Randonnée avec les ânes à Saint-Erblon

IMG_7773.jpgJe ne connais pas les ânes ; j’aimerais pourtant partir en randonnée avec Lilou, 4 ans1/2, qui serait sur l’âne tandis que je le guiderais. Pour en savoir plus, je profite des Randofolies 2011 (version archivée) de Saint-Erblon (Ile et Vilaine) pour faire une randonnée avec l’association des âniers du pays de Rennes.

Les citations qui illustrent cette note sont extraites du livre rafraîchissant, plein d’humour et de philosophie, de Gérard Ponthieu, Le tour d’un monde en sept jours avec un âne en Provence , Éd.

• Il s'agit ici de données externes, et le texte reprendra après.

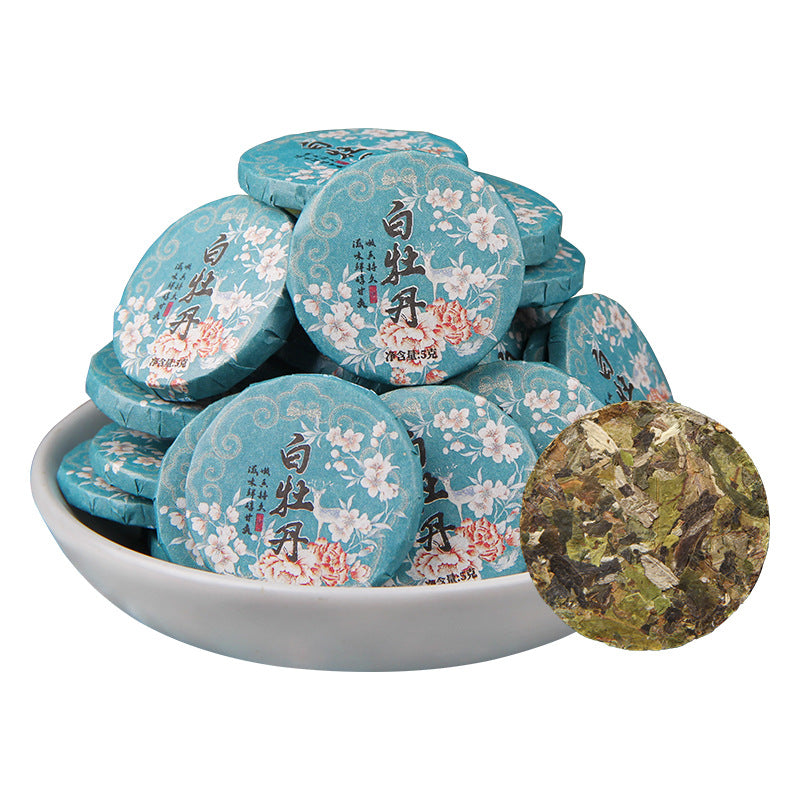 2025 Yunnan Bai Mudan white tea mini cakes displayed wrapped and unwrapped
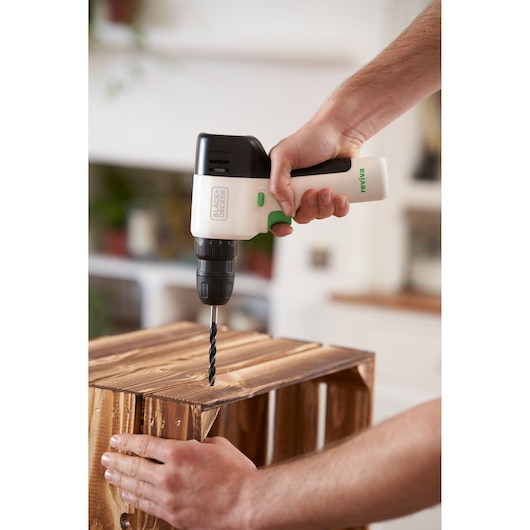 Photo d'une perceuse sans fil BLACK+DECKER REVDD12C utilisée pour percer une caisse en bois à l'intérieur.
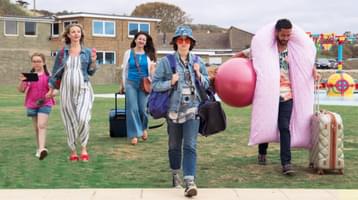 Still of Sweetheart. Five people walking toward the camera with various holiday attire.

Le Condottiere, 2009. Vous pouvez le télécharger depuis son blog C’est pour dire

Tandis que les enfants caressent le poil rêche des ânes, je pose ma première question concernant le caractère des ânes qu’on dit ‘têtus’ ; est-ce vrai ? la première personne me précise que si l’on connait les ânes, il n’y a aucun problème pour les faire obéir, pas besoin de carottes pour les faire avancer, pas de brutalité. Le second ânier insiste le fait que l’âne reconnait son maître à la voix et obéit à quelques ordres tels que ‘avance’, ‘à droite’, etc. : travail d’éducation long et répété comme pour les enfants. Le troisième est persuadé que chaque âne a son caractère et qu’il faut donc agir en fonction de celui-ci : placide et têtu, jeune et imprévisible, enfantin et malin. Le quatrième est fier d’avoir gagné le concours d’attelage.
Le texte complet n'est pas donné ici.